# Deathproof Nova Decals?



## HabuHunter32 (Aug 22, 2009)

Does anyone make Deathproof decals for the 1/25 AMT Chevy Nova kit? Any info would be welcomed. Thanks in advance. 

Mike


----------



## superduty455 (Jun 21, 2000)

None that I know of. You might be able to use some of those transfer tattoo's you find in dollar stores and the like, otherwise find a picture of it on the net and make your own decal with the Testors decal system.
Don't forget the little rubber duck hood ornament. I believe a resin caster for big rigs makes them.
Check out this link from Scale Auto mag with a very well done DP Nova:
http://cs.scaleautomag.com/SCACS/forums/p/89340/875853.aspx#875853
Chris


----------



## HabuHunter32 (Aug 22, 2009)

Thanks for the link. I found the decals at http://hazzardousdecals.shopping.officelive.com/Decalsforsale.aspx for $3.00.

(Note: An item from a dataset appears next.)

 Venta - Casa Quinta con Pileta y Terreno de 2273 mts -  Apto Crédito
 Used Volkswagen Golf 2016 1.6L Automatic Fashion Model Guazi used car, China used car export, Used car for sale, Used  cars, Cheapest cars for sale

I found the Rubber Duck Mascot at http://www.auslowe.com.au/
I bought 2 for $2.15aud ea plus $11.50aud shipping for a total of $15.80aud or $16.35usd. Obviously coming from Australia shipping is somewhat pricey but worth it in my opinion to add the Deathproof Nova to my moviecar collection. I bought 2 mascots so that I can build the Charger as well.


----------